> _TASK DETAILS_
Find the line with "Ergonomische Zitverhoger voor" in the data below. Repeat it and every line after it up to the end, exactly, but drop the pictures.

> _COLLECTED DATA_
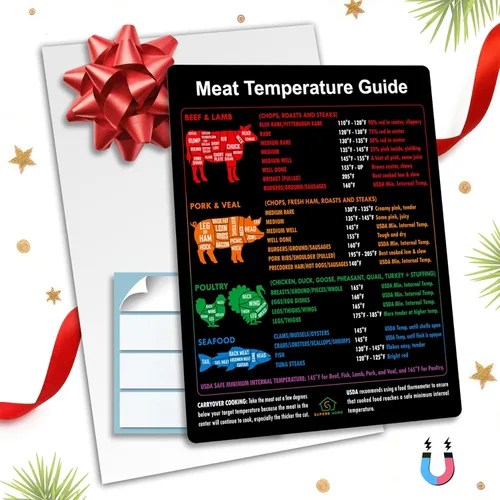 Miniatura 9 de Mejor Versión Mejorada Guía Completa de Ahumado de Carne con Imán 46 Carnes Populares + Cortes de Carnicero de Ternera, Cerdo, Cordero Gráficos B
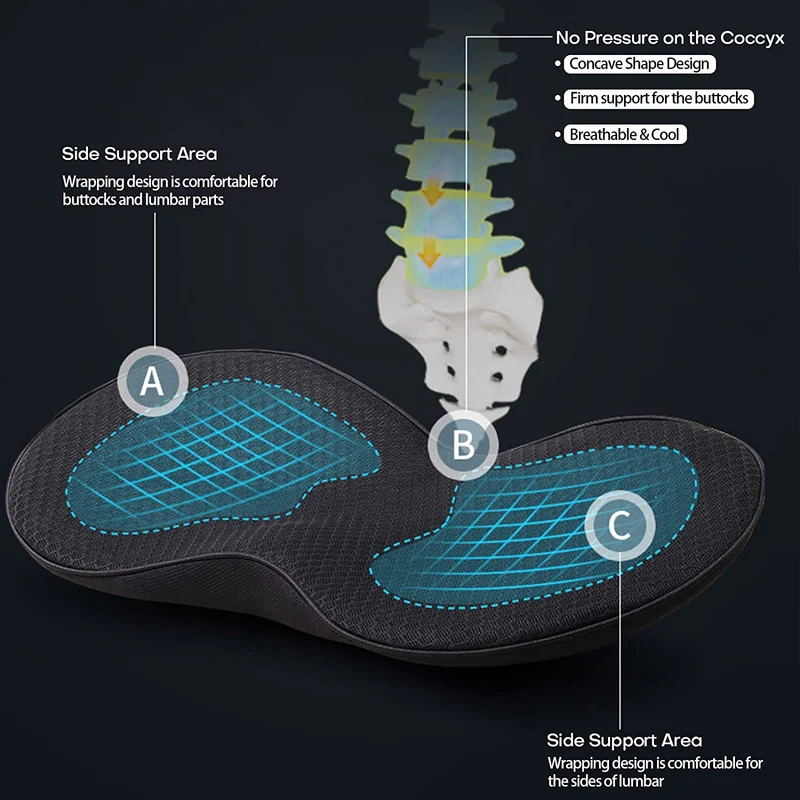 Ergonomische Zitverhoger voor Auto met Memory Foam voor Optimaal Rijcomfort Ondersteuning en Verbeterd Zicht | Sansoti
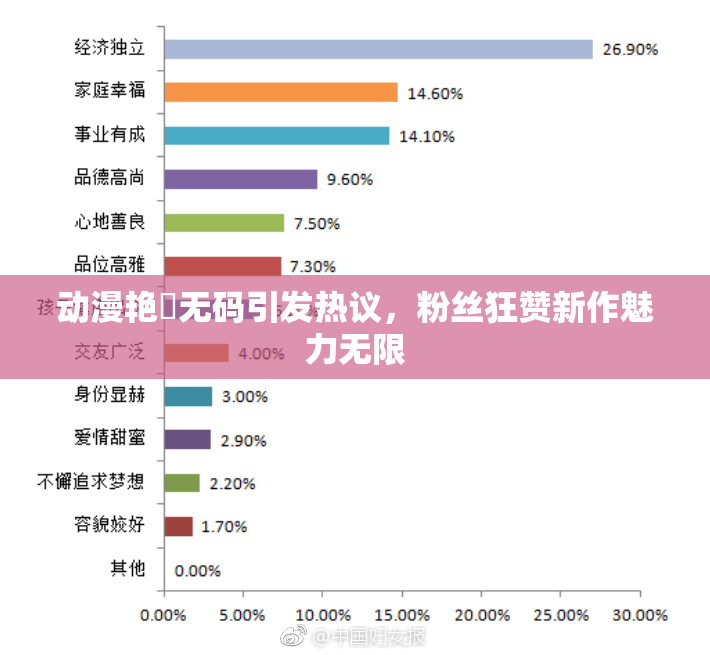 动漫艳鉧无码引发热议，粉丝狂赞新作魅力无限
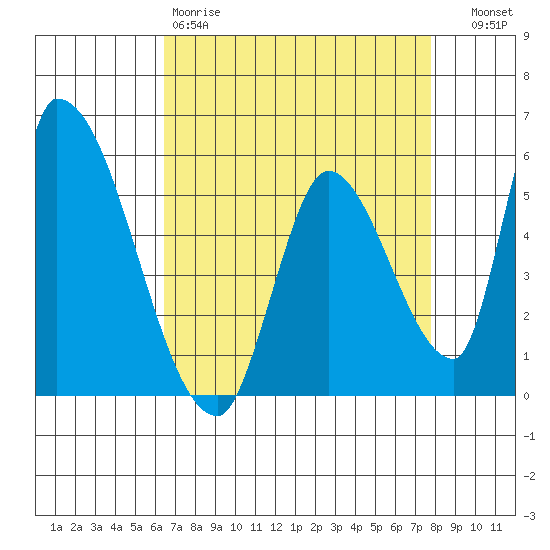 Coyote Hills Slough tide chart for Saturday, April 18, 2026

> _RESULT OF THE TASK_
 Ergonomische Zitverhoger voor Auto met Memory Foam voor Optimaal Rijcomfort Ondersteuning en Verbeterd Zicht | Sansoti
 动漫艳鉧无码引发热议，粉丝狂赞新作魅力无限
 Coyote Hills Slough tide chart for Saturday, April 18, 2026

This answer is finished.